RE: You Know You Want To: BMW E30 M3

RE: You Know You Want To: BMW E30 M3

Wednesday 14th March 2012

You Know You Want To: BMW E30 M3

Harris ponders the question: chase the rare bird or enjoy the cheaper delights of its more common brethren?



Minter or shed?

This is the nucleus of the used car adventure. We trawl the classifieds for hours, but the one question that will never, ever be fully resolved is the eternal debate between greater expenditure on perceived perfection - and a corking deal on imperfection because your expert eye spots an easy fix.

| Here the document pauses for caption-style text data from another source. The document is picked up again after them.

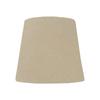 Lamp-Shade [A-33255] Replacement Arm Lampshade for Desk Lamps, Beige Cotton Fabric, 33cm Diameter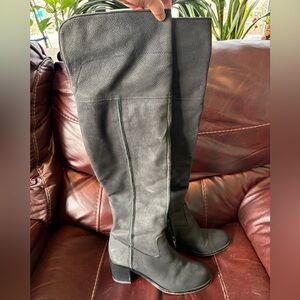 Sam Edelman Women's Black Knee-High Boots size 8 women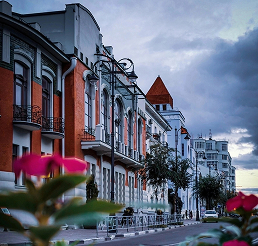 Для гостей города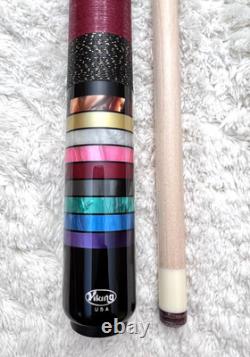 Viking Salesman Sample/ Material Sample Pool Cue with ViKore Shaft, FREE HARD CASE
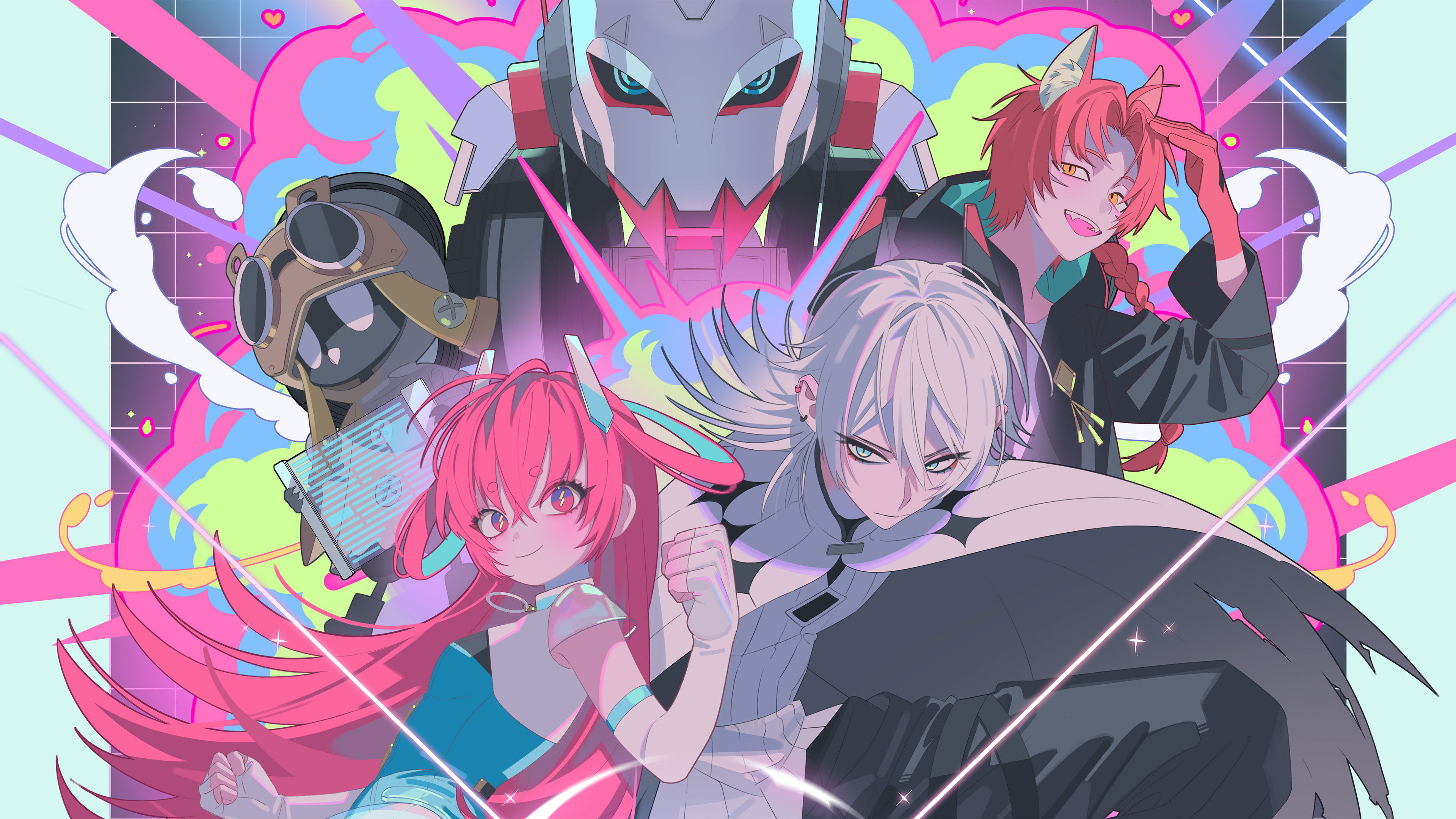 Ringing Fate Background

This brings me to the E30 BMW M3.

Sport Evos now nudging £50K - worth it?
Sport Evos now nudging £50K - worth it?
Prices of collectable M3s are just beginning to creep into previously uncharted territory, or should I say asking prices are doing this because I can't verify any actual transaction prices. Later Sport Evolution, or EVO 3, or 2.5 cars - whichever you call them - are into the high-50s now. Is it deserved? Hard to say no. It's the most famous high performance BMW, there were only 600 built and I must have seen 10 totaled with my own eyes at the 'ring in the past decade. So there aren't 600 left.

A step rise in values of the real catch often leads to attractive disparities between the best and the average though: is a 2.5 really worth £40K more than a UK-supplied 1987 2.3-litre car? If you're looking to tuck it away and watch the value increase, it probably is. If you're going to drive it, the answer is no.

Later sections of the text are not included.